(Source data begins)

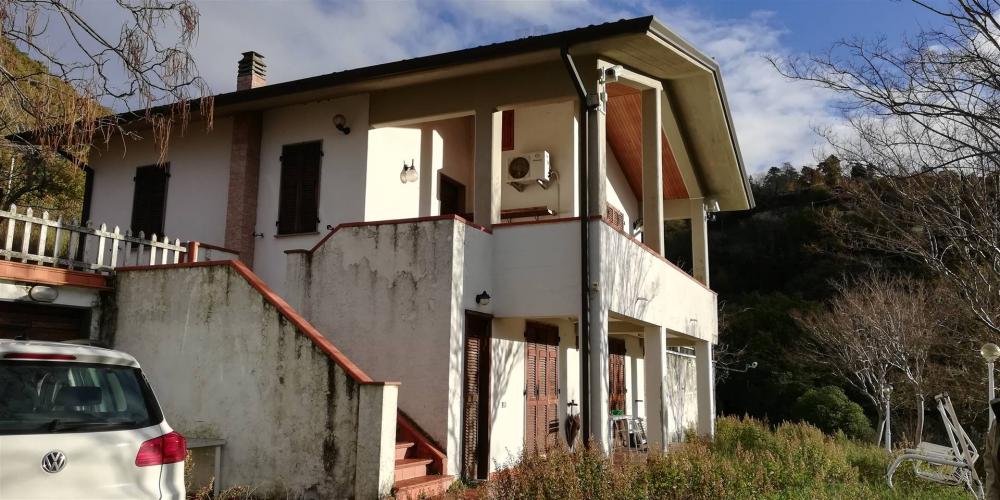 casa indipendente in vendita a Sarzana in zona Falcinello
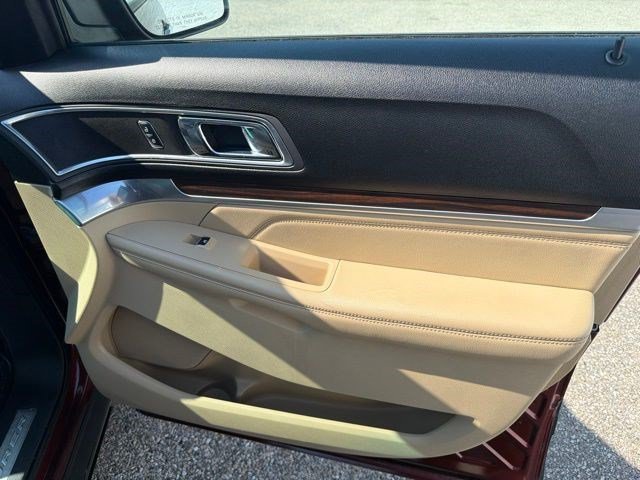 Used 2016 Bronze Ford Limited image 21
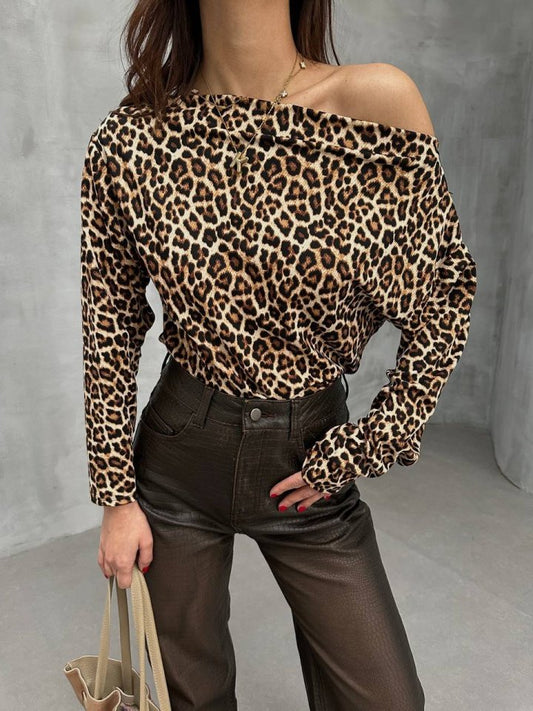 Kadın Leopar Desenli Düşük Omuzlu Bluz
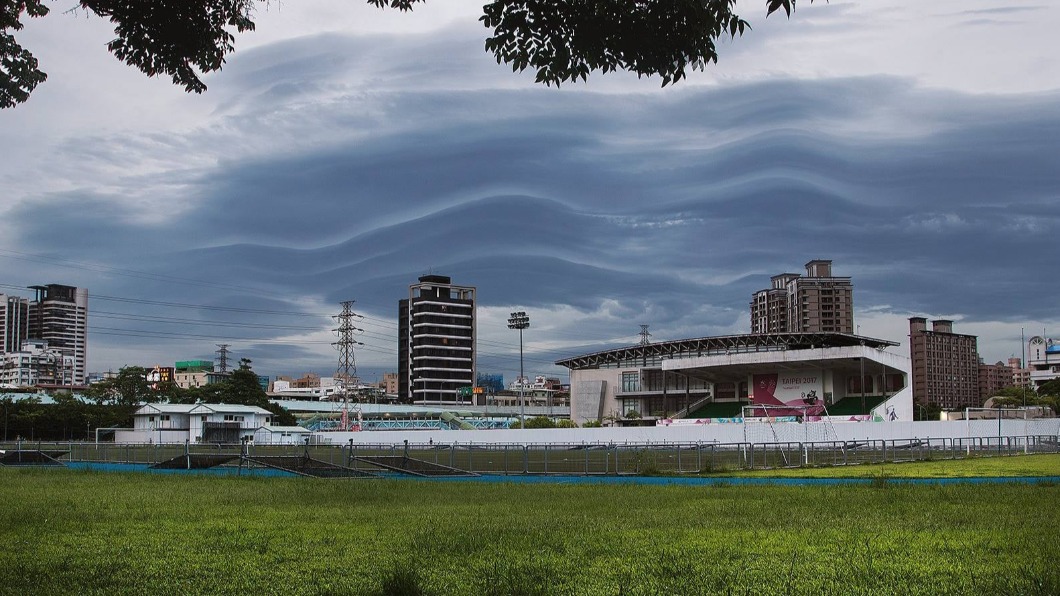 Awan Lentikular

(Source data ends)

§ Work required: Return the full set of lines above word for word and with no pictures.

§ Problem solution:
 casa indipendente in vendita a Sarzana in zona Falcinello
 Used 2016 Bronze Ford Limited image 21
 Kadın Leopar Desenli Düşük Omuzlu Bluz
 Awan Lentikular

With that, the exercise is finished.